Ms. Gluck’s universal themes cover not only life and death, but also nature and history, desire and isolation. Childhood and family life including the close relationship with parents and siblings is also a theme that has remained central. Much of her work seems inspired by tragedy; in The Triumph of Achilles, a National Book Critics Circle Award winner in 1985 written following the destruction of all her possessions in a house fire, she writes about possibilities while also touching on love, passion, loss and suffering. Her next collection, Ararat, begun following the death of her father, seems a window into the life of her family, and was deemed by The New York Times to be “the most brutal and sorrow-filled book of American poetry produced in the past 25 years.” Her Pulitzer-Prize winning book The Wild Iris featuring garden flowers in conversations about the nature of life describes change and rebirth, but emanates from a deep sense of loss. Her poem “Snowdrops” exemplifies that quality:
“I did not expect to survive,
earth suppressing me. I didn’t expect
to waken again, to feel
in damp earth my body
able to respond again, remembering
after so long how to open again
in the cold light
of earliest spring—
afraid, yes, but among you again
crying yes risk joy
in the raw wind of the new world.”
The poet has recently finished a new collection, her thirteenth, which will be published next year; as quoted in The Week, Ms. Gluck states that “falling apart” defines the theme of her upcoming volume.

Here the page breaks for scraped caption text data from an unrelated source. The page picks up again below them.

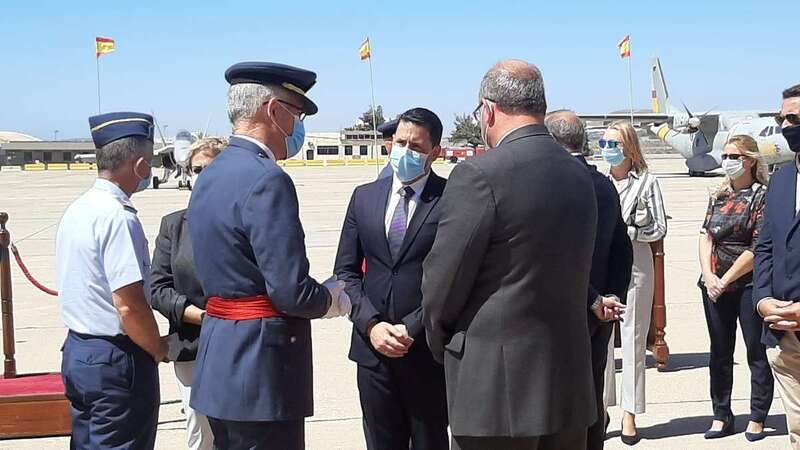 El alcalde Héctor Suárez, junto al nuevo jefe del MACAN, Juan Pablo Sánchez (Foto TA)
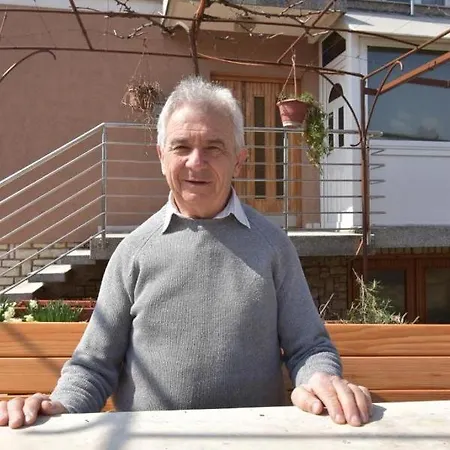 Rooms And Apartments Robert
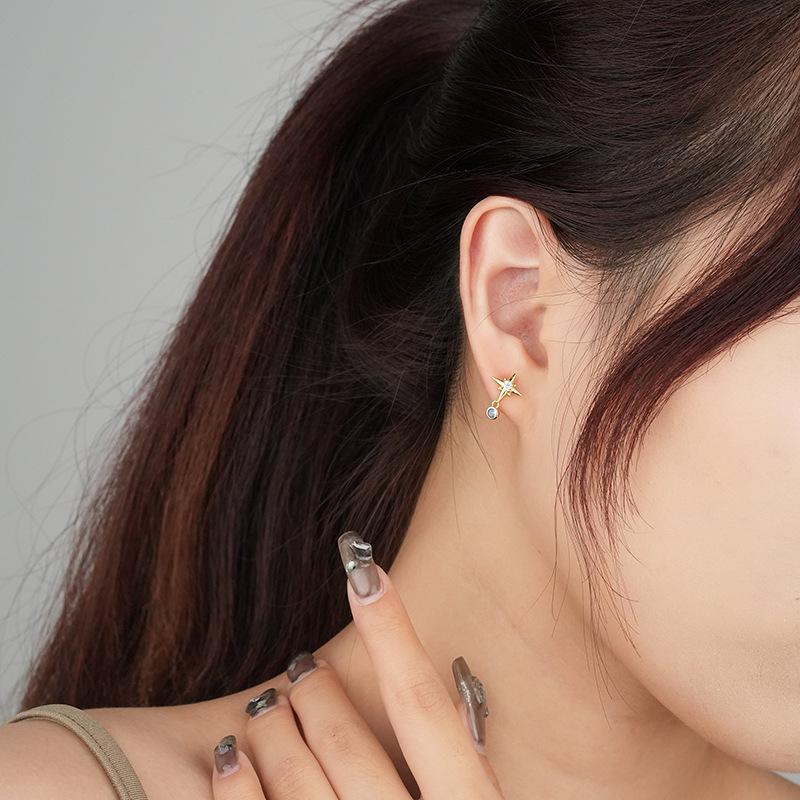 925 Sterling Silver Asymmetric Colorful Zircon Star Stud Earrings French Fashion Simple Jewelry Accessories for Women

She goes on to say that she has written about death since she could write, but that “aging is more complicated. Faculties that you counted on — physical grace and strength and mental agility — these things are being compromised. It’s been very interesting to think and write about.” She describes the new work as containing “a lot of mourning,” but also a lot of comedy, with “one of the few good things to say about old age is that it is a new adventure. There is news in this situation. And that… is invaluable.” As a person of Ms. Gluck’s generation, I can readily identify with her sentiment, and look forward to the release of her reflections on the subject.